United Kingdom (London)
We may look back on 30 July 2015 as the start of something important – the day Ethereum went live.
The digital currency Bitcoin is effectively impossible to forge or hack, because thousands of connected computers verify each other’s work and keep accurate record of what happens in any transaction. This same principle is now being applied to another vast computer network – Ethereum – which also creates decentralised processes to protect against fraud or hacking. Moreover, the processes are transparent, and can automate how companies operate.
As there is no middle man or central agent involved in creating a contract via Ethereum, it potentially removes the need for lawyers or even bankers. “The inner workings of organisations we use every day – small or large – are kept opaque and thus there is no guarantee whatsoever that they will do what they say they would”, says Stephen Tual, Ethereum’s Chief Commercial Officer. “Ethereum flips this model on its head, so that the inner workings of organisations become fully transparent and immutable, while our interactions are kept safe and encrypted from end to end.”

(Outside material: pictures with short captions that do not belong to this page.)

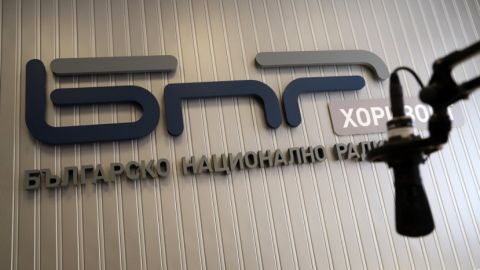 Болгары всех больше доверяют государственным телеканалу и радио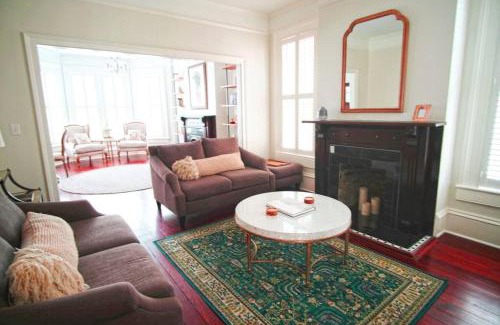 Historic Downtown Savannah House | Chatham House - Historic 3 BR on Chatham Square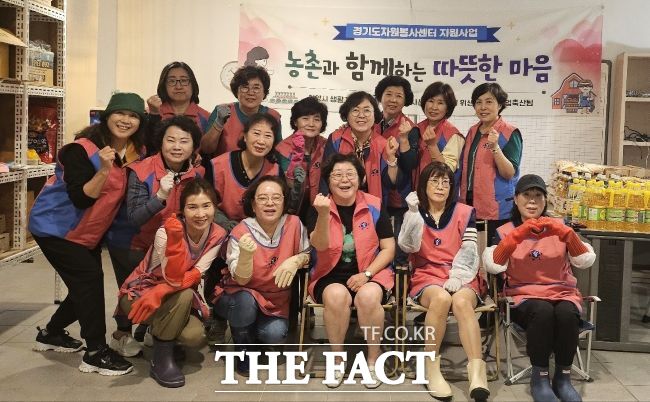 안양시 생활개선회가 손수 만든 전통 먹거리를 지역 내 취약계층에 전달했다./안양시자원봉사센터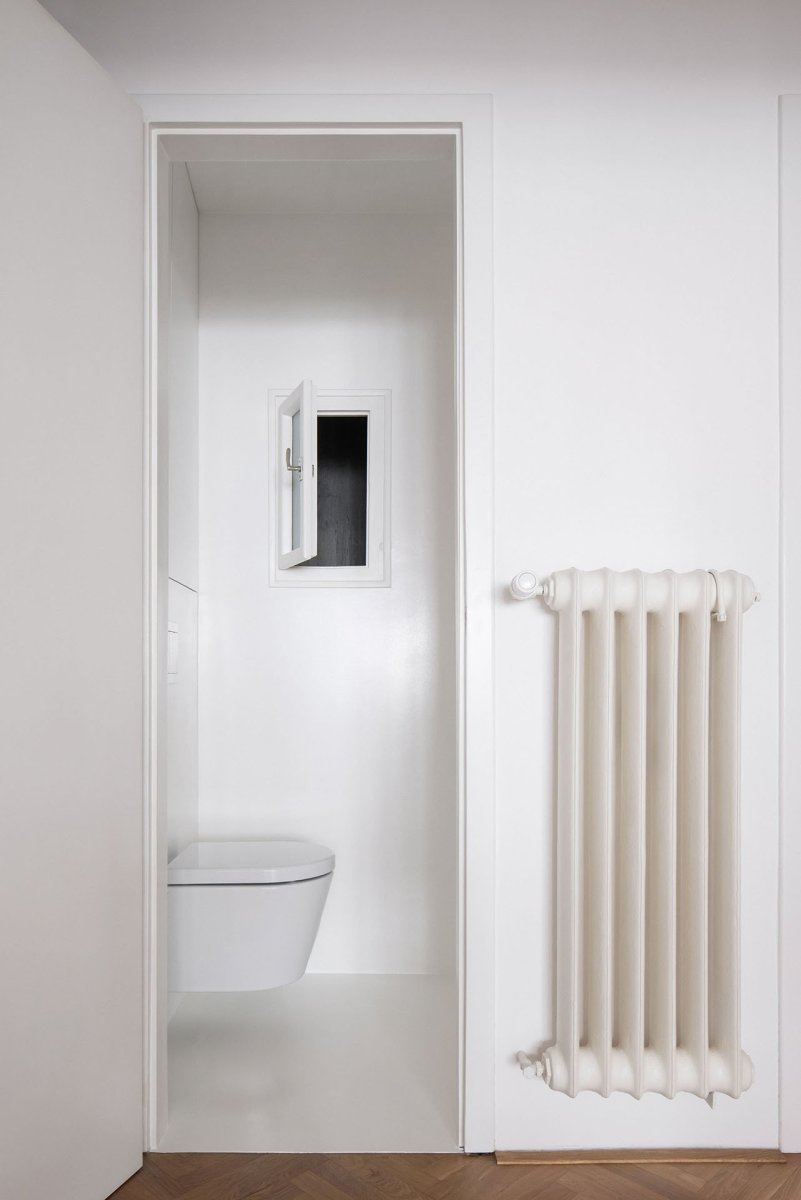 Bílé je WC...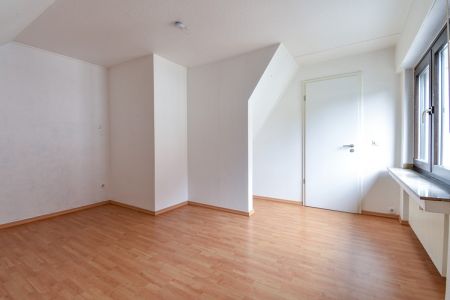 Wohnen in der Südstadt. Charmante 3,5-Zimmer-Wohnung mit Balkon und Stellplatz. - Photo 3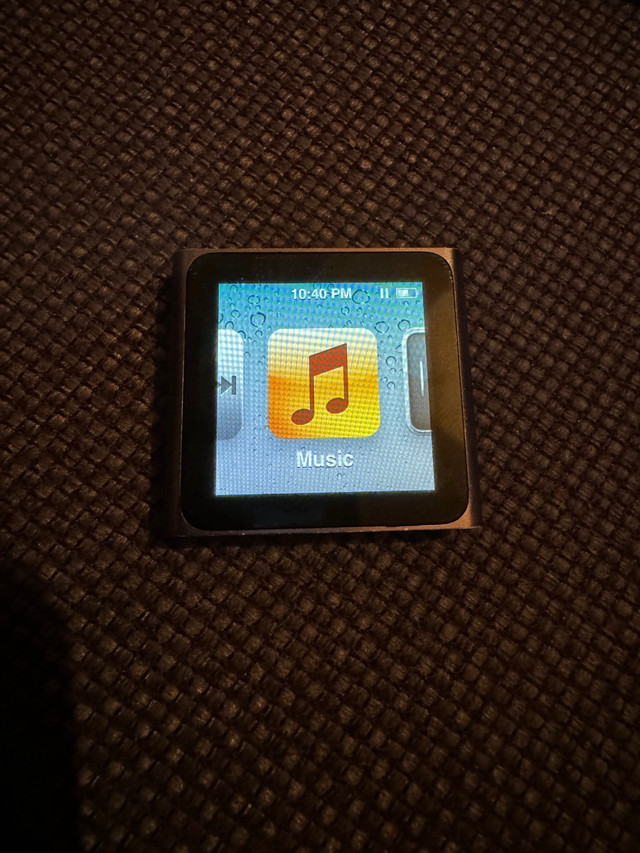 6th gen iPod nano 8gb in iPods & MP3s in Mississauga / Peel Region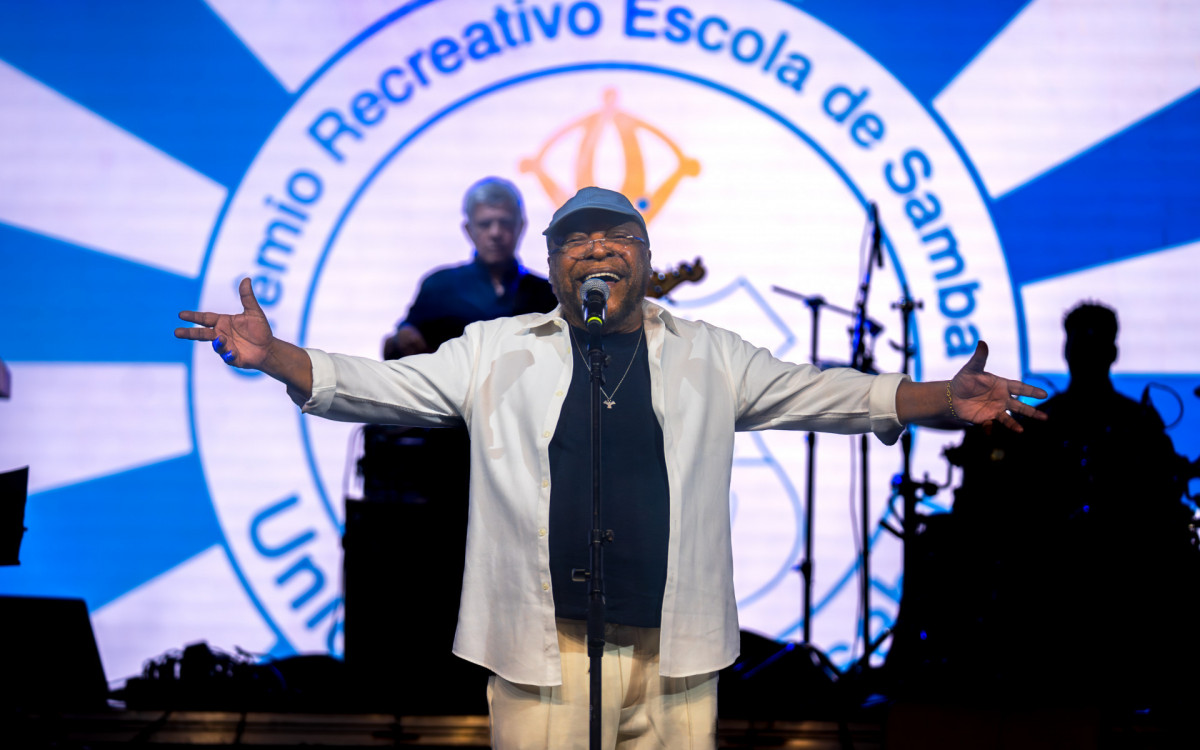 Martinho da Vila participa da celebração ao Dia Nacional do Samba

Ethereum has the potential to be a real game changer, and the network is growing every day as developers all over the world fuel the project’s web of applications. Its possibilities are hindered only by our imaginations or desire. A voting system with no room for electoral fraud would deliver irrefutable results. Governments could be held to account on their election promises; if they don’t deliver on something, access to public funds could be blocked. The significance of Ethereum for society is beginning to reveal itself, though just like something in the ether, its true form has yet to be seen.